A las armas las carga el odio. No es un loquito suelto, sino la expresión del odio acumulado durante todos estos años a la vista de todo el mundo. Un odio de larga duración, que se trasmite de generación en generación porque hay un mandato de odio familiar que luego se cristalizará en determinadas instituciones, que serán las encargadas de ponerle una pátina de correccionismo moral que lo disimule para que siga creciendo y se vuelva implacable.

El odio tiene pantalla porque es un espectáculo, está hecho con las reglas del espectáculo, es un sentimiento performático, con estilo, que necesita autoría, que llevará una firma. El odio es una de las formas de captar atención, de alcanzar más gente. El odio tiene una vasta audiencia que mastica rencor, antipatía. Todos los días se sienta frente al televisor y asiste al espectáculo del odio. Un atentado hecho para el prime time televisivo, en medio de la militancia, en vivo y en directo, con un actor inconfundible que quiere responderle al espectáculo del odio con una síntesis fabricada con la misma materia prima: odio y espectáculo.  

El odio no piensa, no tiene ganas de pensar, está cansado, indignado. Le ganó la envidia y las pasiones tristes. Necesita dosis diarias de odio para remar lo que no tiene ganas de comprender, lo que no le interesa entender. Una persona indignada es una persona tomada por las pasiones, que prefiere el arrebato, dejarse llevar por las emociones profundas. No baja un cambio, sino que aprieta el acelerador hasta transformarse en autito chocador. Una persona indignada será una persona propensa a la ira, cada vez más impaciente, que se caracteriza por la pérdida de cálculo y moderación, que ya no mide sus palabras, ni las consecuencias de sus actos.   

El odio está hecho con el odio de todos, es una gran cadena de montaje. El odio es una suerte de banco donde mucha gente, hecha una ola embravecida, va depositando todos los días sus resentimientos. Porque como nos enseñó Nietzsche, el resentimiento florece como las violetas, no se deja entrever fácilmente; es rastrera, crece en las sombras, pero a la vista de todos. Una persona resentida es un disco rayado, que necesita todos los días volver a sentir su odio para sentirse viva, para autovictimizarse, para darse manija, para gozar.

En todos estos años se han depositado montañas inmensas de odio que cualquiera puede retirar y movilizar en cualquier momento para realizar sus respectivas apuestas o inversiones. El odio no es gratuito, está lleno de intereses: sea ganar una elección, posicionarse en las encuestas presidenciales, tener rating, sacarse de encima a una persona, moral o físicamente hablando. Quiero decir, la gente odiosa está presa del odio, pero, al mismo tiempo, conserva su capacidad de agencia, sabe lo que hace, decide odiar, quiere odiar, por eso conserva su odio, le da de comer, lo comparte, lo viraliza, lo ejerce. No hay locura en el odio, el odio nunca se equivoca, es un odio selectivo, coherente, siempre odia a las mismas personas. Es una persona gatillada, con la cabeza gatillada.

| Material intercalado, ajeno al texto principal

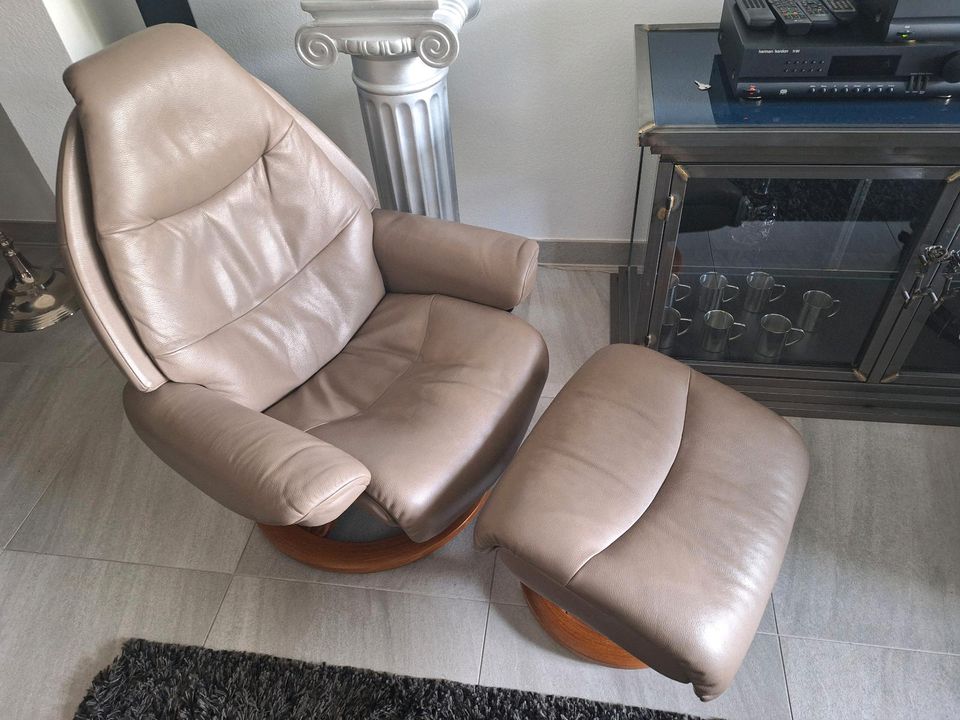 Stressless Sessel Voyager M mit Hocker in Rödermark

El odio tiene y no tiene nombre y apellido, pero nunca es anónimo porque los protagonistas del odio son los vecinos alertas sin rostro o los policías pertrechados en sus trajes robocop, pero también aquellos personajes de la dirigencia política dueños de una retórica filosa interesados en bajarle las persianas a los debates, o los periodistas estrellas de las grandes y pequeñas empresas que se la pasan picaneado a sus interlocutores con preguntas y comentarios que tienen la capacidad de enloquecer a su hinchada, o los influencer que hicieron del odio un vector de las mercancías que promocionan, o los usuarios de las redes sociales que agitan a su comunidad de amigues tirando piedras, vomitando comentarios sin derecho a réplica.   

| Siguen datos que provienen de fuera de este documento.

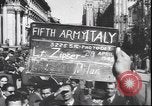 Immagine di Civili italiani Milano Italia, 1945, secondo 1 filmato di repertorio 65675059080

La experiencia del odio es intensa. Para estar en contra de alguien y sostener la enemistad hay que invertir mucha energía emocional. Donde hay odio no hay indiferencia. Aunque muchas veces la indiferencia suele ser la manera de disimular el odio que sienten. Pero estas personas nos odian porque no le somos indiferentes, porque aborrecen lo que representamos. Una persona que odia es alguien que no puede sacarse de la cabeza las imágenes que personificamos.   

Sara Ahmed, en el libro La política cultural de las emociones se propone pensar al odio como una economía afectiva. El odio, dice, es algo que circula, postea y viraliza, es un efecto de la circulación, tributario de la lógica del teléfono descompuesto. Es allí, entonces, hacia donde deberíamos dirigir también nuestra mirada para comprender la dinámica odiosa. El odio no reside en un sujeto u objeto dado sino en los desplazamientos que se producen entre los significantes, es algo que adquiere sentido a medida que se desplaza entre los signos que vincula, formando cadenas de equivalencias, creando asociaciones que se van intensificando a medida que ruedan las palabras. Las características que se le endosan a una figura cualquiera se transfieren hacia la otra hasta adquirir vida propia.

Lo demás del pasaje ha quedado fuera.